_Work required_
Reproduce the listing exactly, with no pictures in your copy.

_Supplied information_
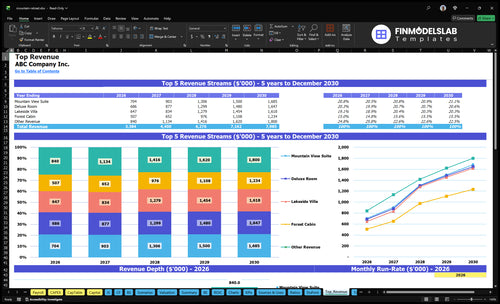mountain retreat financial model top revenue financialmodelslab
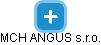 MCH ANGUS s.r.o. - náhled vizuálního zobrazení vztahů obchodního rejstříku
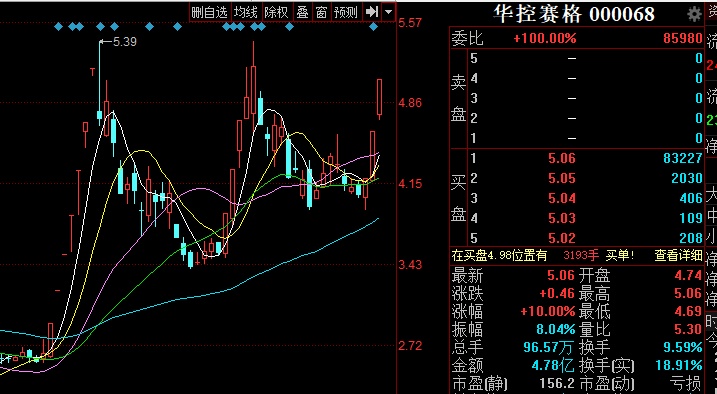 华控赛格看k线有一个点,是非常强的买入逻辑,先卖关子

_Response to this task_
mountain retreat financial model top revenue financialmodelslab
 MCH ANGUS s.r.o. - náhled vizuálního zobrazení vztahů obchodního rejstříku
 华控赛格看k线有一个点,是非常强的买入逻辑,先卖关子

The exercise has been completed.